[Data excerpts]

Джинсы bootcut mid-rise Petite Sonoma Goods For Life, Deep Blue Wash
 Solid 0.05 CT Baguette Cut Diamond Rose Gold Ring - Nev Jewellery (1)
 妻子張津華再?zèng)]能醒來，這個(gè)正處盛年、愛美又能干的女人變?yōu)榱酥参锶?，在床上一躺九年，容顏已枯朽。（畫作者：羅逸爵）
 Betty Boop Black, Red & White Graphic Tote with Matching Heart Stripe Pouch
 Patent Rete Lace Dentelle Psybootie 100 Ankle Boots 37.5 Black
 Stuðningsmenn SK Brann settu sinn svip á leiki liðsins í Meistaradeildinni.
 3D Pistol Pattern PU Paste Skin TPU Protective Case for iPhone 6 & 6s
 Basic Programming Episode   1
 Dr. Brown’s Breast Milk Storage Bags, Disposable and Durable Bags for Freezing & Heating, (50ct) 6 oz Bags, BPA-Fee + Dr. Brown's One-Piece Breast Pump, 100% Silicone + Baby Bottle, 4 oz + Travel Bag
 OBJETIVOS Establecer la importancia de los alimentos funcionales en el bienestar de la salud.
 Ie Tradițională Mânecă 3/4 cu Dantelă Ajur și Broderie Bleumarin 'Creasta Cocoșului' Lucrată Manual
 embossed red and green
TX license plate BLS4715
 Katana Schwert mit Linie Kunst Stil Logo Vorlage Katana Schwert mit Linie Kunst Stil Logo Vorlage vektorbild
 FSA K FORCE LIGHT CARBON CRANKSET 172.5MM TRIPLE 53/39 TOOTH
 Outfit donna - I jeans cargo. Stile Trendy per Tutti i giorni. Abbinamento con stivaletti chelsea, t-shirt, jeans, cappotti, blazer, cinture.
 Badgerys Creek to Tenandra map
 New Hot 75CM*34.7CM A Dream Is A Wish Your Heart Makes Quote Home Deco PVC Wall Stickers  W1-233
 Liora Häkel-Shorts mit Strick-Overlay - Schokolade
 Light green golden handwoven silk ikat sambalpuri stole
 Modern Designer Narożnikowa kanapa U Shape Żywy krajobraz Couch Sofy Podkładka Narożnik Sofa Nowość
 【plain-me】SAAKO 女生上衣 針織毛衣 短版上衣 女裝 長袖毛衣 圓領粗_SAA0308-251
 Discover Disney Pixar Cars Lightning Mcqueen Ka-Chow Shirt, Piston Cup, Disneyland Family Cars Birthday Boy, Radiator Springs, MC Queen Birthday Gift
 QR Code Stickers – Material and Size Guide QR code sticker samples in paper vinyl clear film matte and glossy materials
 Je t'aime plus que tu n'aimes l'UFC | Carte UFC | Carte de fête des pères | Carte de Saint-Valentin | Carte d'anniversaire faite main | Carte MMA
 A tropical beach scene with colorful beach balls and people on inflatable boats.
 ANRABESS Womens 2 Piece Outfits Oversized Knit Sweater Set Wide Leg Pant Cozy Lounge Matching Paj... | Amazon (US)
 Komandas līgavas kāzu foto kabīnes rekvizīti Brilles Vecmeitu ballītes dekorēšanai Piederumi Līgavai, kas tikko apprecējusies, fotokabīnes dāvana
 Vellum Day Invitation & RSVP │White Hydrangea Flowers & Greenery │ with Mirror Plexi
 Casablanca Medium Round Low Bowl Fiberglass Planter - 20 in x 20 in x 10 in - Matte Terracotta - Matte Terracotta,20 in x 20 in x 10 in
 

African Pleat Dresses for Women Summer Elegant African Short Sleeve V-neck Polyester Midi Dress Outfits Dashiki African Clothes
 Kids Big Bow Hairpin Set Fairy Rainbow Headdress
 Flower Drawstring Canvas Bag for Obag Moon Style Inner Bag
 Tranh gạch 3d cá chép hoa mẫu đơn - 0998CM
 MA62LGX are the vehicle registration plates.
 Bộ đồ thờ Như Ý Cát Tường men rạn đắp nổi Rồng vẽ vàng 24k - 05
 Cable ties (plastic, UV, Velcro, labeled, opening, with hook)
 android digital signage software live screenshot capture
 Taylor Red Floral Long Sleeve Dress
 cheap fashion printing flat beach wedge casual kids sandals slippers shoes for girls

▶ [DIRECTIONS FOR THIS TASK]
Among the entries, count how many lines hold the string "Sleeve", then state only that number.

▶ [PROBLEM SOLUTION]
2